A dispetto della martellante ed enfatica propaganda veicolata da vasta parte del sistema mediatico, le vele del governo Meloni non sembrano piene di vento.

Le promesse di indefettibili riforme non scaldano il cuore degli italiani ancora in attesa di risolutivi interventi su salari, sanità e quant’altro incida effettivamente sulla loro quotidianità. Anzi, i segnali al riguardo sembrano andare in direzione opposta come sa chiunque voglia ottenere in tempi ragionevoli una prestazione dal servizio sanitario pubblico.

Alcuni autorevoli analisti, come Lucio Caracciolo, ipotizzano una vita non troppo prolungata per questo Governo per le crescenti contraddizioni create dall’altalenante avventurismo di Trump e, forse ancor più fondatamente, per l’irreversibile disequilibrio fra le ragioni di credito e debito dei grandi attori mondiali, Cina in testa, insieme all’innegabile declino dell’egemonia statunitense.

Deve, però, notarsi che l’inconsistenza progettuale delle forze di governo (peraltro non solo di esse) probabilmente non è di per sé sufficiente a determinare una crisi governativa atteso il forte se non indispensabile attaccamento a poltrone e potere di una classe politica che non sembra possedere altre risorse al suo attivo.

In attesa di un non ravvicinato collasso dell’Esecutivo per cause esogene (e ancor meno per quelle endogene), può essere utile riflettere sull’unica riforma che sembra avere buone probabilità di successo e cioè quella riguardante la separazione delle carriere dei magistrati. E ciò non tanto per la vicenda in sé e per i problemi specifici connessi a tale riforma le cui finalità sono facilmente intuibili.
Invero, la questione può e deve essere declinata da un punto di vista poco esplorato se non in circoli specialistici.

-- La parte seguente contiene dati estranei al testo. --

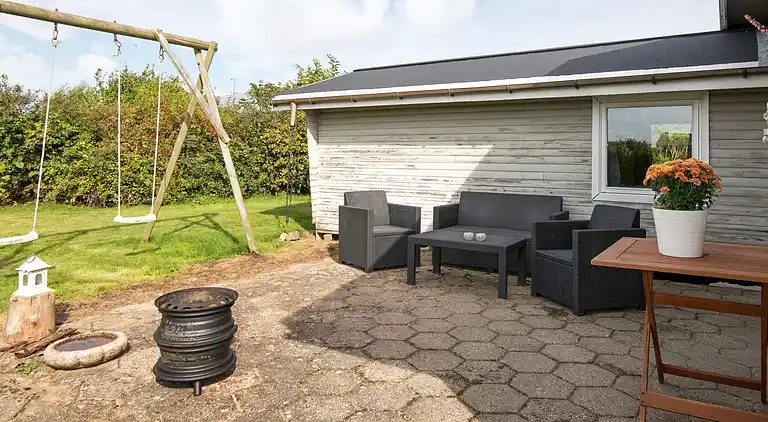 Holiday home in As vig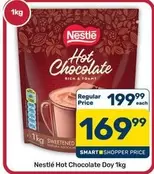 Nestlé - Hot Chocolate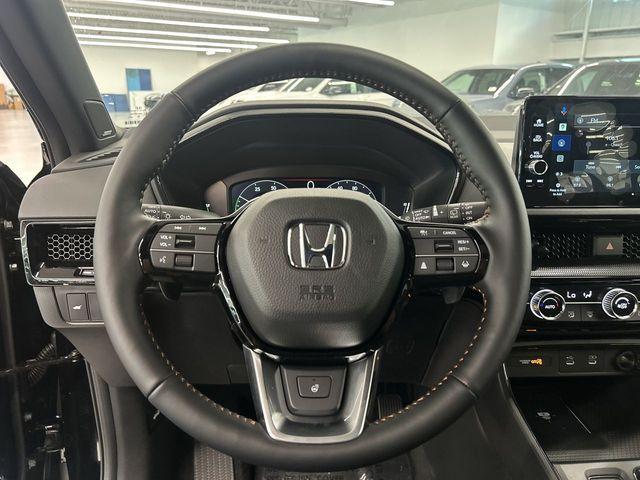 new 2026 Honda CR-V Hybrid car, priced at $43,145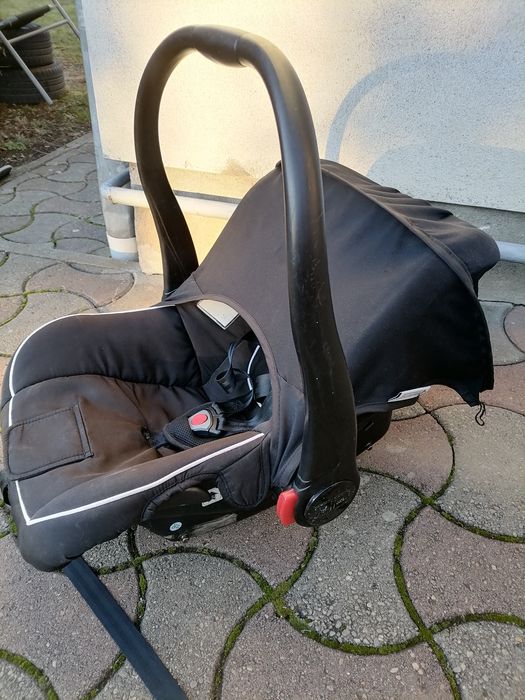 Scaun pentru copii 0-13 kg și Landou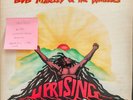 Bob Marley & the Wailers Uprising Vinyl Record VG+/VG+ ILPS 9596 1980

Il tema riguarda le matrici identitarie della nostra Costituzione.

Gli stessi magistrati e la loro istanza rappresentativa non sembrano aver colto tale aspetto in tutta la sua portata pur sostenendo con forza, del tutto correttamente e senza sbavature corporative, i rischi per i cittadini derivanti da tale riforma.

Invece, la domanda a cui rispondere è questa: la Costituzione italiana, le cui origini storico-politiche non è necessario qui ricordare, è solo un insieme di norme, sia pure di rango superiore, che possono essere modificate, abrogate, sostituite o, invece, è qualcosa di diverso, qualcosa di più?

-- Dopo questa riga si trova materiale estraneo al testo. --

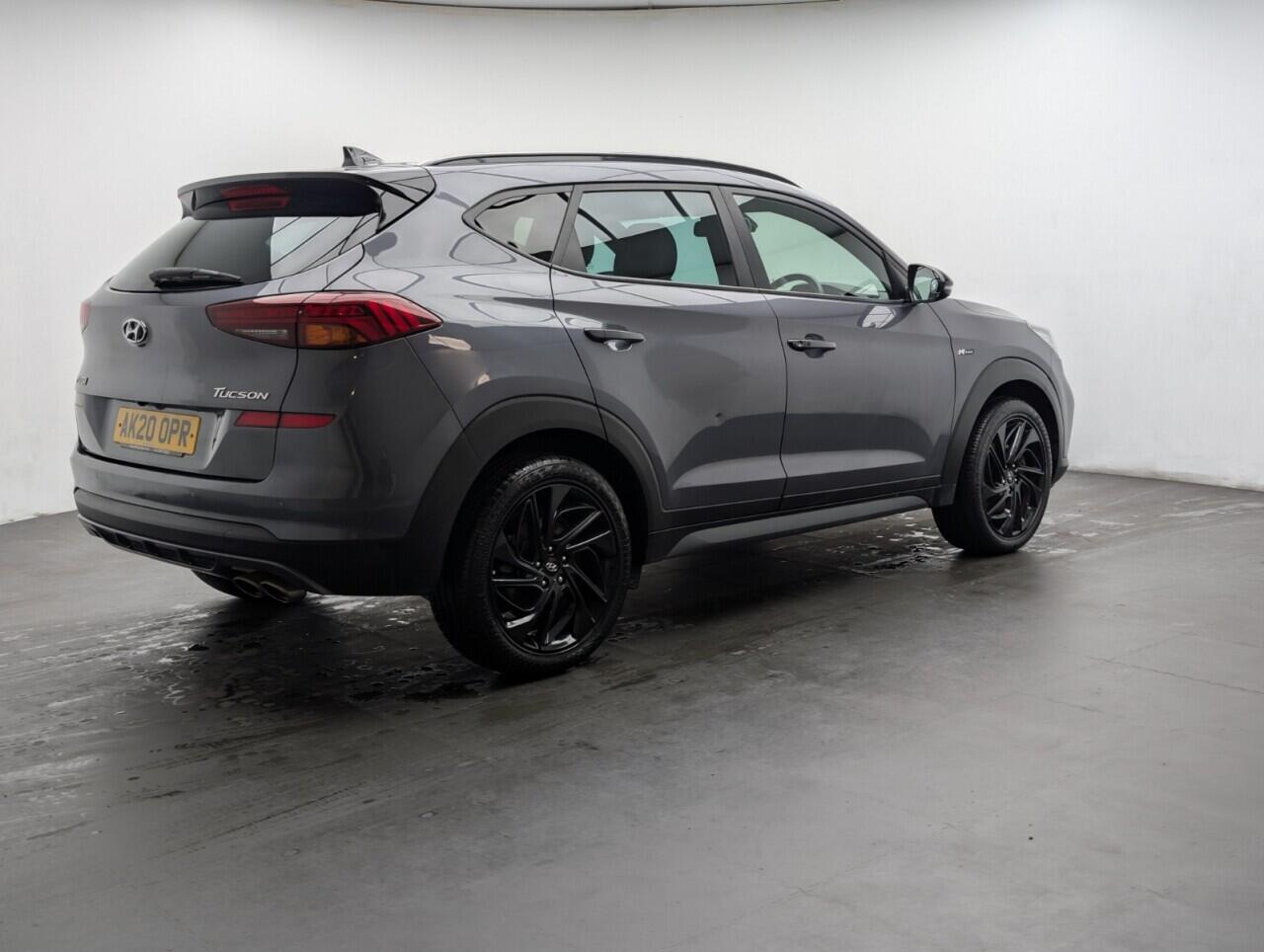Used Hyundai TUCSON 2020 for sale - 77130843: Photo 8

E del tutto evidente che, chi abbia un minimo di conoscenza della nostra storia e non voglia creare interessate soluzioni di continuità con ciò che la Costituzione ci indica e ci ricorda, non può che riconoscerne la sua specifica natura identitaria. Una natura che affonda , indissolubilmente, le sue radici nella Resistenza, nella liberazione dal fascismo, nell’avvento della Repubblica e negli appassionati elevati dibattiti svoltisi all’interno dell’Assemblea Costituente. In uno, nel recupero di valori di libertà e democrazia dopo vent’anni di dittatura.